**Your task**
Please repeat, from the entries that follow, the lines from the one containing "Козырек солнцезащитный левый Bmw 3 E46" through the one containing "Invesco acquires Stockholm" exactly, adding nothing.

########################################

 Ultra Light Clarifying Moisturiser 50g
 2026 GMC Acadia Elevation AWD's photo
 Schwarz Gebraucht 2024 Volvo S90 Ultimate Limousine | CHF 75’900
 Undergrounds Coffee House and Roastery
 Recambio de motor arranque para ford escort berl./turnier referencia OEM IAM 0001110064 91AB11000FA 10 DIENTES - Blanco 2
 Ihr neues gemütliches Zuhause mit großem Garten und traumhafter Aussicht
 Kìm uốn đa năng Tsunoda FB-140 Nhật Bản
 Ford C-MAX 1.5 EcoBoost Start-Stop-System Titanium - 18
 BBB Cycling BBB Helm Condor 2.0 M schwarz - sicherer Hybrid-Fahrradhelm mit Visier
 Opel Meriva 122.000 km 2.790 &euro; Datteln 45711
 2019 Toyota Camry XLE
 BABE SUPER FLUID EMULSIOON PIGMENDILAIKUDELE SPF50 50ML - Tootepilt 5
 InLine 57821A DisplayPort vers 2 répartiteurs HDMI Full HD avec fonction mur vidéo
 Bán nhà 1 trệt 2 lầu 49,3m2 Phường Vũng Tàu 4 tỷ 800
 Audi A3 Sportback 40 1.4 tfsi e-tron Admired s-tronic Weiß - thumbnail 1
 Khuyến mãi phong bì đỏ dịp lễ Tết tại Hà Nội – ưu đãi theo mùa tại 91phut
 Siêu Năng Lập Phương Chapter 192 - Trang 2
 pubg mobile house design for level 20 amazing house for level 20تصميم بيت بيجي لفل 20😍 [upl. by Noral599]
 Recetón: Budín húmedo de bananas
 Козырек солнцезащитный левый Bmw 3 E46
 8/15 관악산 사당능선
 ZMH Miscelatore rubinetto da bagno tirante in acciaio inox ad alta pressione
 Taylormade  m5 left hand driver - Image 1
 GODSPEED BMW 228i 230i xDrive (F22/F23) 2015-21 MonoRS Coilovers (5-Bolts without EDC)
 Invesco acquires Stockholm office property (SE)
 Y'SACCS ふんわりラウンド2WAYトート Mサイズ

########################################

**Solution to this exercise**
 Козырек солнцезащитный левый Bmw 3 E46
 8/15 관악산 사당능선
 ZMH Miscelatore rubinetto da bagno tirante in acciaio inox ad alta pressione
 Taylormade  m5 left hand driver - Image 1
 GODSPEED BMW 228i 230i xDrive (F22/F23) 2015-21 MonoRS Coilovers (5-Bolts without EDC)
 Invesco acquires Stockholm office property (SE)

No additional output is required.